Jan 21 2011 By Ian Proctor
PAST and present pupils and students have been celebrating the centenary of Harrow High School and Sports College and its predecessors.
The school opened in 1911 as a boys-only grammar school before being turned into a comprehensive in 1975 and renamed Gayton High School.
In 1998 it transformed into a mixed secondary school called Harrow High School and admitted girls for the first time, and earned specialist sports college status in 2002.
Former pupil and ex-Tory cabinet minister Michael Portillo unveiled a commemorative plaque on Friday (Jan 21) at the start of a series of events being held this year to mark the occasion.

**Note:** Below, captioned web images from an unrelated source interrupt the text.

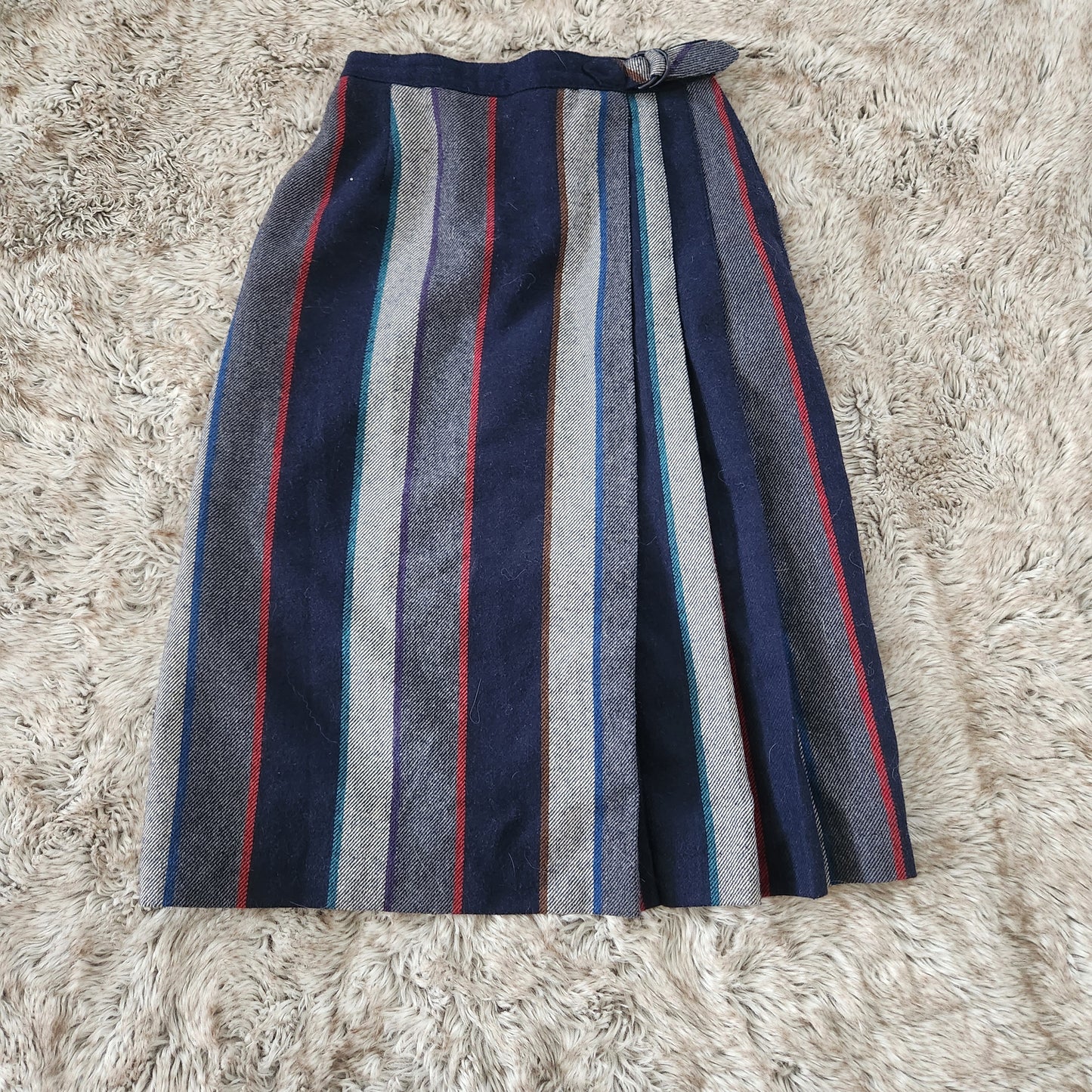 Haberdashery Collection by Personal Petites Vintage Stripes Wool Midi Skirt  Vintage Vibes Boutique   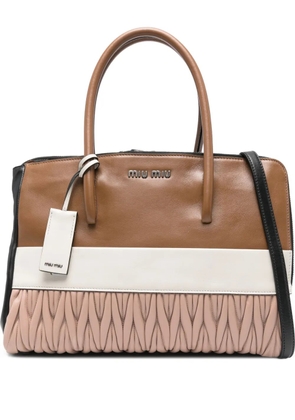 Miu Miu ruched logo-detail tote bag - Brown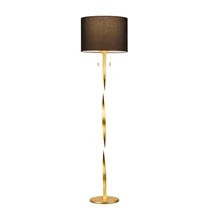 Lampadar Trio NANDOR metal, textil, auriu, negru, E27+LED, 3000K, 2x7W, 1400lm - 475310379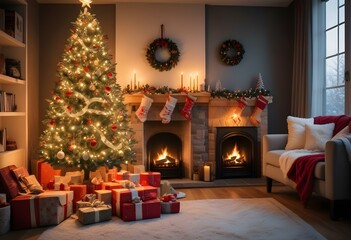 Fototapeta premium A cozy Christmas living room with a decorated Christmas tree, fireplace, and various holiday decorations and gifts.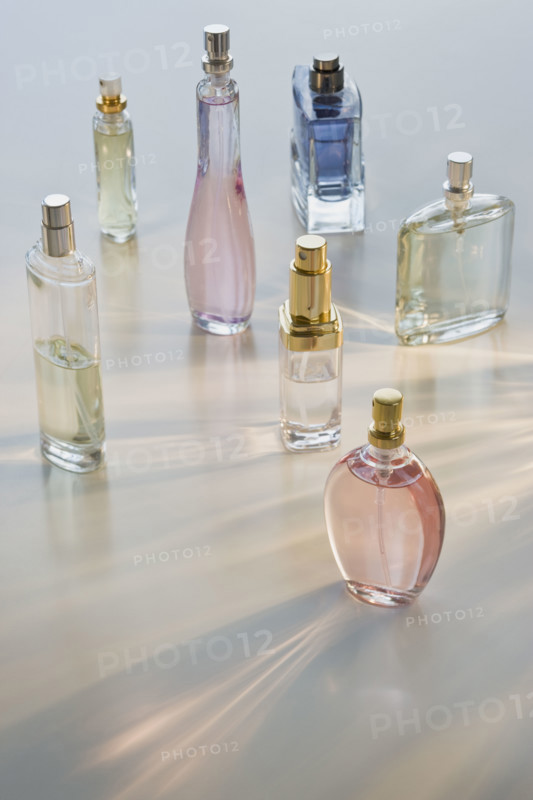 Assorted perfume bottles.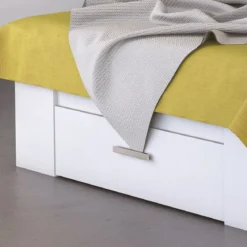 Lit en bois avec tiroir blanc perle - LT177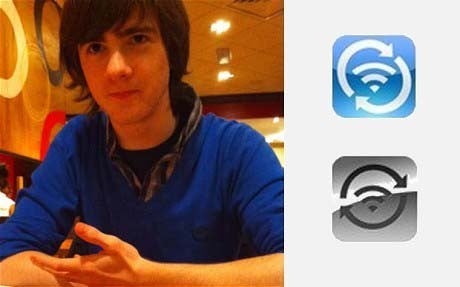 Greg Hughes, developer of the rejected "Wi-Fi Sync" with his logo(on top) and Apple's logo - Did Apple steal the Wi-Fi Sync feature for iOS 5 from a developer whose similar app was rejected?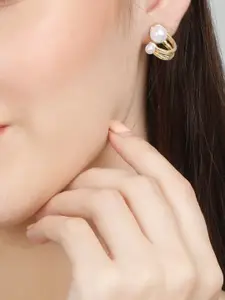 YouBella Gold-Plated Pearls Studded Contemporary Studs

Dr Keith Baker, 63, chairman of the Old Gaytonian Assocation and a Northwood resident, said: “I was here between 1958 and 1963 and it was very much the story of a strong state education.
“It was a very disciplined school and our headmaster use to think of us as the school at the bottom of the hill compared to a small school you may have heard about at the top of the hill?
“He felt we were in competition with Harrow School and was very keen on promoting academic excellence, and the school reached the pinnacle of becoming the second best state school in terms of achievement.”
There were about 900 boys in Dr Baker's day, when it was called Harrow County School for Boys and had the Latin motto 'Virtus non Stemma', meaning 'Worth, not birth' and reflecting the fact it was the borough's first state secondary school, founded in the wake of the 1902 Education Act.
Some of the original buildings as well as the school clock and a stained glass window above the front door – dedicated to former pupil Sir John Boothman, who won the Schneider Trophy in 1931 in a seaplane race - have been preserved although the motto has been swapped for 'Excellence For All' and the uniform unsurprisingly modernised.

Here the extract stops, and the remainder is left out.